Realize that the issue here is not so much Blake’s actual teachings and views on homosexuality, but the fact that Blake compromised himself by dealing with the human rights crowd in the first place. If you join with people who have anti – Biblical agendas, then you inevitably wind up being servants of that agenda. That is why the Bible makes it clear that Christians, especially pastors, are to be very careful about whom we walk with and join ourselves to. This is true of both the “Christian right” and the “Christian left.”
You see, no Christian should ever endorse the concept of “human rights” because according to the Bible, no such thing exists. Read the Bible, and you will never see anything stating or implying that people have human, civil, or individual rights. The Bible has nothing to do with rights, which constitutes treatment and benefits that individuals and groups deserve and that others – including ultimately God – are obligated to provide them. Rather than being a text that grants humans rights, it gives us responsibilities, all of which center around believing in, obeying, and serving God. Again, the Bible speak of rights given to man, but of man’s responsibility to God.
It is true, of course, that the Bible contains many instructions outlining ethical and moral treatment of human beings. But be not deceived: these things are in no way general, and are certainly not because humans deserve this, or have some “right” to this treatment. The idea that this is the case is the common fallacy of political and ideological liberals and conservatives. Liberals de – spiritualize the Bible, in the process removing everything about God and man’s obligation to him, and instead read it as a philosophical tract. So, for liberals the requirements for ethical behavior contained in the Bible is truthfully all the Bible is, and as a result they remove it from its intended context. Conservatives, for their part, use the Bible as a social contract for imposing laws and morality on society at large. While this does emphasize human obligation over rights, this obligation is to the state and society (the world) instead of to God, and as a result often rejects true justice and mercy (the weightier matters of the law).
Though they are opposite ends of the political and even theological scale, in truth liberals and conservatives both create this error for the same reason: that the Bible message is not meant to govern everyone, but rather only members of the faith community in a covenant relationship with God. In the Old Testament this was Israel, in the New Testament it is the church. The exhortations to ethical behavior and treatment of humanity was only revealed to God’s elect; how they were to treat believers and everyone else. Outside of instructing believers how they were to behave towards their fellow man, the instructions that we should love one another, treat one another well, and defend the powerless have no context and application. In short, it is not because of the inherent worth or value of human existence that gives people the right to be loved, well treated, and defended. It is solely because God commands us to do so.

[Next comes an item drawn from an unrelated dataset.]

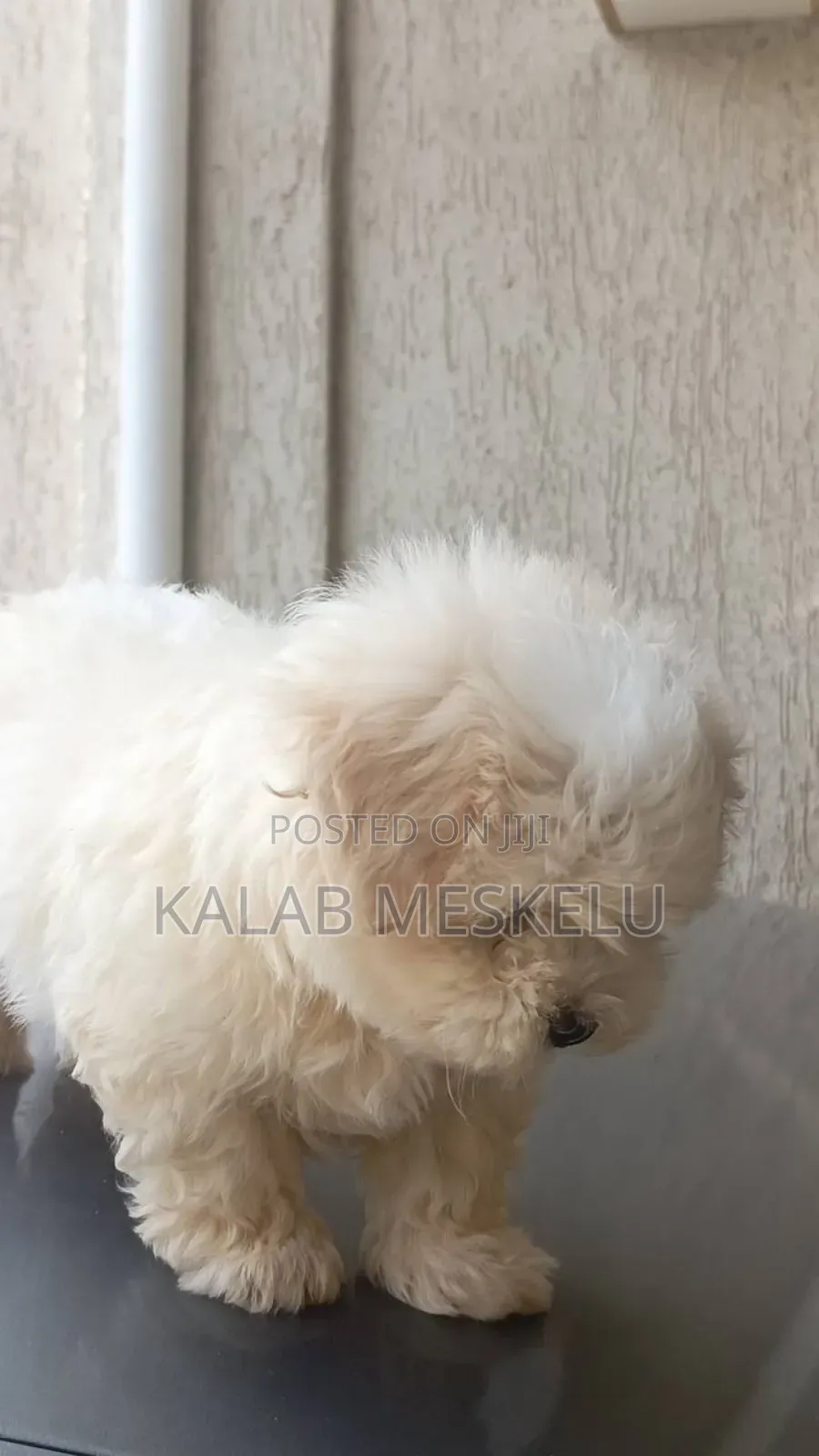 1-3 months Male Purebred Maltese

And why does God tell us to do so? It is not because of the people, their value to God, and His love for them, though God certainly does value and love us so much that He sent His only begotten Son to take on sin and be slain on a cross. It is because God is a holy and righteous God, and He expects His covenant people, His elect, to reflect His holiness and righteousness in our behavior. If we are being cruel towards our fellow man, we are not reflecting God’s holy and righteous character. So again, our responsibility to treat other members of the human race with love, decency, and respect is our obligation to God and is an act of loving and serving God.

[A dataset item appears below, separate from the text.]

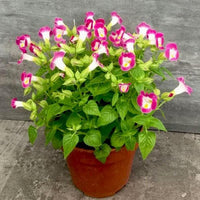 High germination Torenia seeds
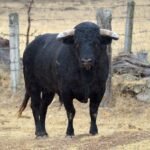 Los toros de Montalvo para Gijón 2019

Evidence of this is the famous statement of 1 John 4:20 “If a man say, I love God, and hateth his brother, he is a liar: for he that loveth not his brother whom he hath seen, how can he love God whom he hath not seen?” Now the humanist perspective on this verse only focuses on how we are to love our brother. Of course, that is wrong. The verse is not about loving your brother at all. It is about loving God. The verse is contained within a passage of 1 John concerning our loving God, and speaks of how this is accomplished. It is not a passage on how we are to love humanity, it is a passage that tells us to love, honor, and obey GOD by loving humanity.
The same is true of Jesus Christ’s teachings about how Christians should treat widows, the poor, strangers, those in prison, orphans, etc. He did not teach that Christians should do this for the sake of people in need because they inherently deserved this behavior, had some human or civil right to this treatment. Instead, Jesus Christ stated “as you do to them, you do to me!” Again, Jesus Christ made ethical treatment of humanity an act of service to HIM, not to humanity. Again, please read Matthew 25:34-46 and you see the emphasis is on Jesus Christ, not on people. Goodness to people is presented as a way of loving Christ, not as an obligation to humanity for humanity’s sake. And again, we are to love humanity because God loves humanity, because as God’s people we are obligated to reflect God’s loving, holy, and righteous character in all that we do, including but not limited to how we treat other people.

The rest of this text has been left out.